The adjudicated major bleeding and clinically relevant non-major (CRNM) bleeding at any anatomical site were generally lower in the Eliquis group as compared to the enoxaparin/warfarin group. Adjudicated International Society on Thrombosis and Haemostasis (ISTH) major gastrointestinal bleeding occurred in 6 (0.2 percent) Eliquis-treated patients and 17 (0.6 percent) enoxaparin/warfarin-treated patients.

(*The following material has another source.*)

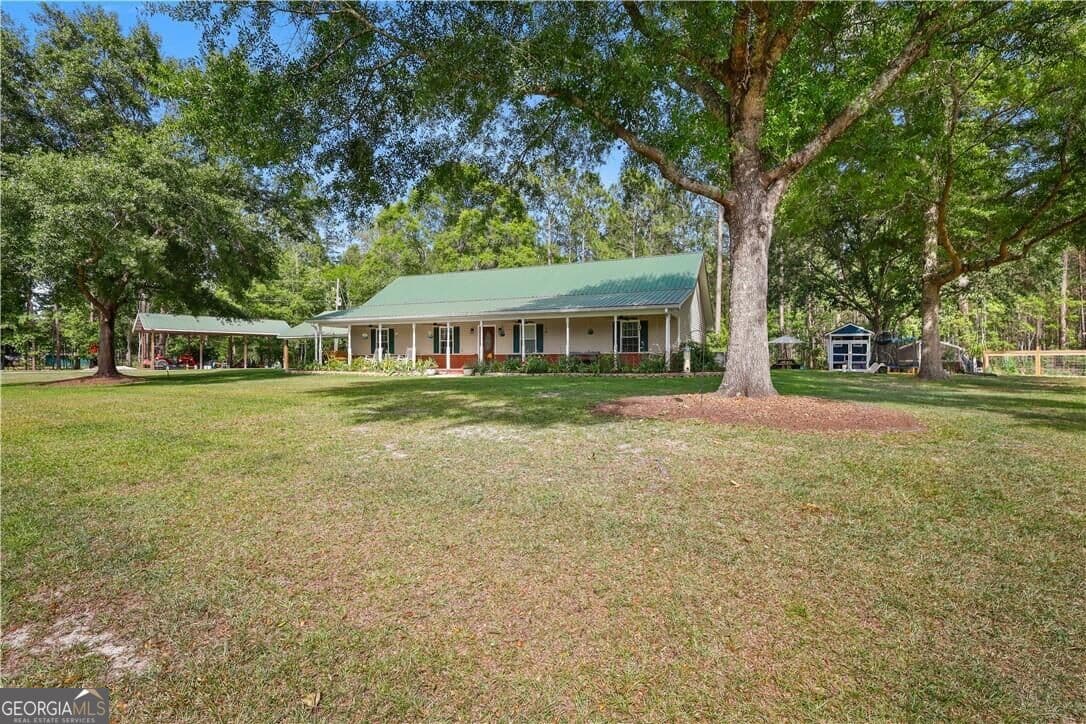 4 bedroom, 2.5 bathroom, 2,508 sq ft single family residence for sale at 3158 Midland Road, Guyton, GA 31312 — photo 2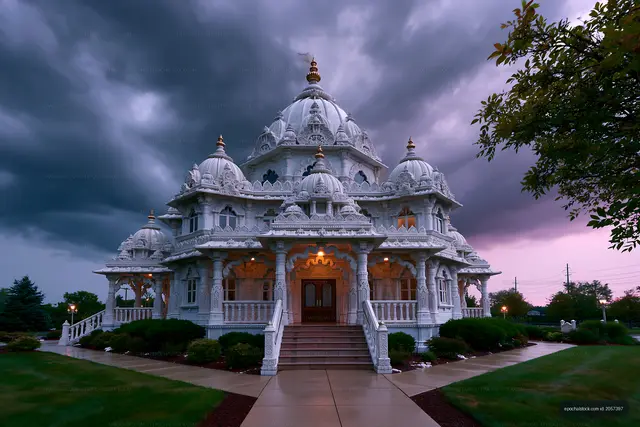 Hindu temple under cloudy sky at twilight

As described in the SmPC, in the AMPLIFY-EXT study a total of 2,482 patients were randomized to treatment with Eliquis 2.5 mg twice daily orally,Eliquis 5 mg twice daily orally, or placebo for 12 months after completing six to 12 months of initial anticoagulant treatment. Of these, 836 patients (33.7 percent) participated in the AMPLIFY study prior to enrollment in the AMPLIFY-EXT study.
The mean age was 56.7 years and 91.7 percent of randomised patients had unprovoked VTE events.
In the study, both doses of Eliquis were statistically superior to placebo in the primary endpoint of symptomatic, recurrent VTE (nonfatal DVT or nonfatal PE) or all-cause death.
Eliquis efficacy for prevention of a recurrence of a VTE was maintained across subgroups, including age, gender, BMI, and renal function.
The primary safety endpoint was major bleeding during the treatment period. In the study, the incidence in major bleeding for both Eliquis doses was not statistically different from placebo. There was no statistically significant difference in the incidence of major, clinically relevant non-major, minor, and all bleeding between the Eliquis 2.5 mg twice daily and placebo treatment groups. The recommended dose of Eliquis for the prevention of recurrent DVT and PE is 2.5 mg taken orally twice daily.
Adjudicated ISTH major gastrointestinal bleeding occurred in 1 (0.1 per cent) Eliquis-treated patient at the 5 mg twice daily dose, no patients at the 2.5 mg twice daily dose, and 1 (0.1 per cent) placebo-treated patient.